A Reflection for Palm Sunday: Which Procession Will You Choose?
I wrote and shared this reflection on this Friday morning, April 11, 2025, in advance of Palm Sunday this weekend. The reflection is part of the work church’s daily digital devotional series for Lent this year. Next to Easter and Christmas, Palm Sunday is among my most treasured Christian holy days. I’ve grown into its spiritual, theological, and historical meaning (hat tip to John Dominic Crossan’s and Marcus Borg’s The Last Week, whose portrayal of Palm Sunday was introduced to me several years ago by Brian Murphy of Queer Theology). It also marks a liturgical anniversary for me, marking the Palm Sunday many years ago when I formally joined Wake Forest Baptist Church in Winston-Salem, N.C., as a teenager, finding for the first time a safe, affirming church home in my Baptist tradition.
Which Procession Will You Choose?
For nearly 40 days now, we’ve journeyed together on a wilderness road as we’ve explored notions of forgiveness, mercy, and love. Our journey is nearing its end. We are, as Jesus did on Palm Sunday, moving from the countryside and toward the city… toward the cross… toward the hope of resurrection on Easter Sunday.
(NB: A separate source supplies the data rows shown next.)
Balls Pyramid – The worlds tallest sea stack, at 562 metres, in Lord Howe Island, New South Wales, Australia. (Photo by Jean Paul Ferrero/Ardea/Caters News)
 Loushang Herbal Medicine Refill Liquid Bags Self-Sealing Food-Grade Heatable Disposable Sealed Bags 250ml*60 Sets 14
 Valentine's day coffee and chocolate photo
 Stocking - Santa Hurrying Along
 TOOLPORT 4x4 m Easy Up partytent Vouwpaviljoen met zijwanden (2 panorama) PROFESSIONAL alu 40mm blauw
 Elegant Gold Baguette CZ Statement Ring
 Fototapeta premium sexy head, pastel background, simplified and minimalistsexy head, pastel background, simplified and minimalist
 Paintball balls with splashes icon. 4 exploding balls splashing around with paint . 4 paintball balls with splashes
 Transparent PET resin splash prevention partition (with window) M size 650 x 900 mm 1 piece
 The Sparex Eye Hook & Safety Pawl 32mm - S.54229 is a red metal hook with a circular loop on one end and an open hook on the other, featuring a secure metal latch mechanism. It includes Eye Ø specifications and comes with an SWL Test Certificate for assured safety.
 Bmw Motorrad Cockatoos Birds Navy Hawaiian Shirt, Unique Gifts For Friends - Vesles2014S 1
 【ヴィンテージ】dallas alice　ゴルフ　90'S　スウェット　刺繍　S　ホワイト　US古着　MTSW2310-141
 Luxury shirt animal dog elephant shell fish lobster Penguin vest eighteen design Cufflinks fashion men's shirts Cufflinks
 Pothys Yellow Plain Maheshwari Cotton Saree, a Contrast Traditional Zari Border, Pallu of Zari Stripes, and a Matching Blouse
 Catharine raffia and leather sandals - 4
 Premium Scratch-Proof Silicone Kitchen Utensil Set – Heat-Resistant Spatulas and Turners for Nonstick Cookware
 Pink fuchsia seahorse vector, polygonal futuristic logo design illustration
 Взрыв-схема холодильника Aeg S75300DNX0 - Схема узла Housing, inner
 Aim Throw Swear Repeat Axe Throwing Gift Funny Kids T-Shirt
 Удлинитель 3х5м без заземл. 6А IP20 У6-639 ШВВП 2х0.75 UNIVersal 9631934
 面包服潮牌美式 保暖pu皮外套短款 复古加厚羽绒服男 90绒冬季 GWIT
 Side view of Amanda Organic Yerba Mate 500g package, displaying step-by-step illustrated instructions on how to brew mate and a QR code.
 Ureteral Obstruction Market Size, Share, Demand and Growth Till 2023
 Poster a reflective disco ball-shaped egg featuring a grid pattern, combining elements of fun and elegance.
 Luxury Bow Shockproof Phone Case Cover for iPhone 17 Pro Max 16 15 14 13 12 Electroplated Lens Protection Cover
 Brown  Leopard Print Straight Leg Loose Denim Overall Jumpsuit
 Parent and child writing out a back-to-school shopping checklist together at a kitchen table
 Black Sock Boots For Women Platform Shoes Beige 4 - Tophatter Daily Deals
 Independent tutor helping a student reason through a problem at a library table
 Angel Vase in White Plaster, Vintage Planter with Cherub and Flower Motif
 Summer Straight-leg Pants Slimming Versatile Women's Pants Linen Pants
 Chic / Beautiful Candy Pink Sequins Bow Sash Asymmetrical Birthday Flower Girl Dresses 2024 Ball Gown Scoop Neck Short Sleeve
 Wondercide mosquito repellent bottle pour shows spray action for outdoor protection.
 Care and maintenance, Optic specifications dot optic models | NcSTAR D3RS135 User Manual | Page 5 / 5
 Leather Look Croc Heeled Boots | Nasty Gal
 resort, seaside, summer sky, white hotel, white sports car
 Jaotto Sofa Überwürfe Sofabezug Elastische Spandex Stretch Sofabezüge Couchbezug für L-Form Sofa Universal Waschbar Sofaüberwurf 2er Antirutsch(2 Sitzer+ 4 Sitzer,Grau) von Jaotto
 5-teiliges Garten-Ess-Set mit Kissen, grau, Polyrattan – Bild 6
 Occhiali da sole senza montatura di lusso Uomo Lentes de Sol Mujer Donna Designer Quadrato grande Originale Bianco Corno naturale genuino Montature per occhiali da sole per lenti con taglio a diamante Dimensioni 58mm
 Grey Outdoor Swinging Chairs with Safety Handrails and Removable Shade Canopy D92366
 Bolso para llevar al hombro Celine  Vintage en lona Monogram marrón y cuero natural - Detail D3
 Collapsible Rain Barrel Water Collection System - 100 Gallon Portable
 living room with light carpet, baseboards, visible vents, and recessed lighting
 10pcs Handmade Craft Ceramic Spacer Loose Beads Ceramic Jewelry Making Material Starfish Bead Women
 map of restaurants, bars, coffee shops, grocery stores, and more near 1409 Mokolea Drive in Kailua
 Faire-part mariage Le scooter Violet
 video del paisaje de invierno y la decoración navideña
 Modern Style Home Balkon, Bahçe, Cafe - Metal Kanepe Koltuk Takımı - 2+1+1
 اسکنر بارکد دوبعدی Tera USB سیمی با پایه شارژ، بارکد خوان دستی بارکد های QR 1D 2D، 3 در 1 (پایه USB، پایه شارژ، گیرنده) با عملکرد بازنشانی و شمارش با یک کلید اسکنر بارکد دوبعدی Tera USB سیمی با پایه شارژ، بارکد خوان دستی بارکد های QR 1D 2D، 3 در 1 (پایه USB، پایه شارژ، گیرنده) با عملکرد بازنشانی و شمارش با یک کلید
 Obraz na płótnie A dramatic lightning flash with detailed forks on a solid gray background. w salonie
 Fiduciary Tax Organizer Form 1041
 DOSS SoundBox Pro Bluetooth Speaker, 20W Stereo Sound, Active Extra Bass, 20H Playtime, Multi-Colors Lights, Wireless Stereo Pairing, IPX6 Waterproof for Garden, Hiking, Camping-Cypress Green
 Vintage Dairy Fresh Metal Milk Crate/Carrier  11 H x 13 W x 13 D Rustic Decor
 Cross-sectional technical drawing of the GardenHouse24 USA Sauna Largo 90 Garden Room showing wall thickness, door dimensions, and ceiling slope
We don’t yet know what awaits us as we move closer to Jerusalem. We join with the other disciples in astonishment and wonder as throngs of people line the road, praising Jesus and the kingdom of love, mercy, and forgiveness he has traveled the country proclaiming.
Perhaps we pause with some trepidation, too. We know that another leader is also making a very similar trip to Jerusalem ahead of Passover. Pontius Pilate and his troops are arriving from the west. Pilate enters the City of David seated on a dazzling stallion, flanked by sword-brandishing soldiers, in an intimidating display of raw power and Roman imperial might.
From the east, our Jesus — our humble country preacher born in a stable in Bethlehem and raised in the poor Galilean hills — approaches the city on a donkey, flanked by his disciples as widows, orphans, the poor, and the despised wave palm branches: a symbol of Roman power and triumph and an attribute of the military goddess Victory (Nike). Joyful, but treasonous, praises are lifted up to the son of David, king of Israel, bringing with him a new kingdom of peace, forgiveness, mercy, and love.
We don’t often think of Jesus as a protest leader. I’m not sure Jesus would have described himself that way. But the symbolic power and meaning of Jesus’ march into Jerusalem would have been plainly, provokingly apparent to every person in Jerusalem — Pilate included.
From the west came war cries, swords, and battle shields. From the east comes peace, love, and salvation. The dichotomy between these two visions of power and peace couldn’t be made more clear if one tried.
As we approach Jerusalem this Sunday, we will be confronted with important choices: Which procession will we join? To which kingdom will we pledge our allegiance, and will our loyalty last? Where will we be later during Holy Week — standing with John and Mary at the cross or hiding away in fear? Whose name will we be embracing — or denying? In whom will we be placing our hope?